We arrive in Edinburgh on a Friday, just about. Our landlord has arranged a tea time meet at the flat we're renting and we simply have to drive up from Sheffield.

We've hired a van to transport our set and everyone's luggage, to be driven by our stage manager Andy. "Bloody hell it's massive," he gulps. "And by the way I haven't driven for ages." The lady at the rental desk smiles sweetly at my £600 deposit and plans a two week break in Bali.

Getting our set (a full fitted kitchen) into the van is hard enough. But it's a doddle compared to shifting actor George's provisions. Widescreen television, stereo, the British Library reading room, three wardrobes and the weight of an oil tanker in a body bag.

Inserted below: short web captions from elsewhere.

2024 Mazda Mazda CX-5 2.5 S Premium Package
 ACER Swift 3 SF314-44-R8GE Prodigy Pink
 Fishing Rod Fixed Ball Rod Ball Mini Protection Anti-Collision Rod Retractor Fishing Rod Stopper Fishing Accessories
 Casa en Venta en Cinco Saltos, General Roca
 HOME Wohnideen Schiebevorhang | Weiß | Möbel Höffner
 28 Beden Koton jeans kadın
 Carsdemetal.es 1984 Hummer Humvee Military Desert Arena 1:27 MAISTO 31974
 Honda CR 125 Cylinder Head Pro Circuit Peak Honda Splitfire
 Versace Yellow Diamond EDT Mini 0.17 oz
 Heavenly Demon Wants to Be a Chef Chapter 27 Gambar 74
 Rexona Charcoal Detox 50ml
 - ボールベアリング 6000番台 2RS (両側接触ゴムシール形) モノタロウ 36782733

Andy then wanted to move house briefly, and when we finally rolled up, our longsuffering landlord has forgone a trip to the cinema to let us in as midnight chimed.

The flat is monolithic. In my room alone you could host a secondary school. The living room comprises a sofa in the hall and the bathroom would look at ease in an Eastern bloc tenement. "It's got 'character'," said leading lady Nina, with admirable diplomacy.

Our technical rehearsal the next day goes like a dream. C venues, our theatre, is a hub of activity buzzing with staff and companies lifting and hammering and chattering and encouraging. So this is the Fringe. We love it.

After a Bacchanalian day off trawling Edinburgh's bars, we returned to earth with a bump. Our dress rehearsal was a catastrophe of unmitigated proportions. The Special K packet on stage was set upside down and showers the set with cereal. Props spontaneously combust. The smoke machine doesn't work. The actors forget their lines. I hide under a chair.

And so our nemesis. The culmination of seven months hard graft, no little investment of emotion and tireless begging, borrowing and devious bank loan swindling that's left a trail of debt repayment demands from here to Abu Dhabi.

Against my better judgement, I asked Sally to find out how many tickets we'd sold. "Four," she reported, "So that's, erm, promising."

I bemoaned our certain ruination sotto voce, told everyone to stay calm, and bolted for a bar round the corner to see how many tumblers of rum I could swallow. I can't remember ever being more terrified.

I hardly dared look when the doors opened. The footsteps echoed and seemed to multiply. I figured the four punters must be walking out again or NatWest lending centre had sent a lynch mob. But they kept coming, and, Halleluiah, they seemed to be coming to see us.

We had an audience! I wanted to hug each and every one of them. For hours. The lights went down and my heart beat a bass drum. George strode onto the stage. A peal of laughter rumbled, and kept rumbling. People actually whooped at the curtain call. Nobody walked out. I took cloud nine for the ride of its life.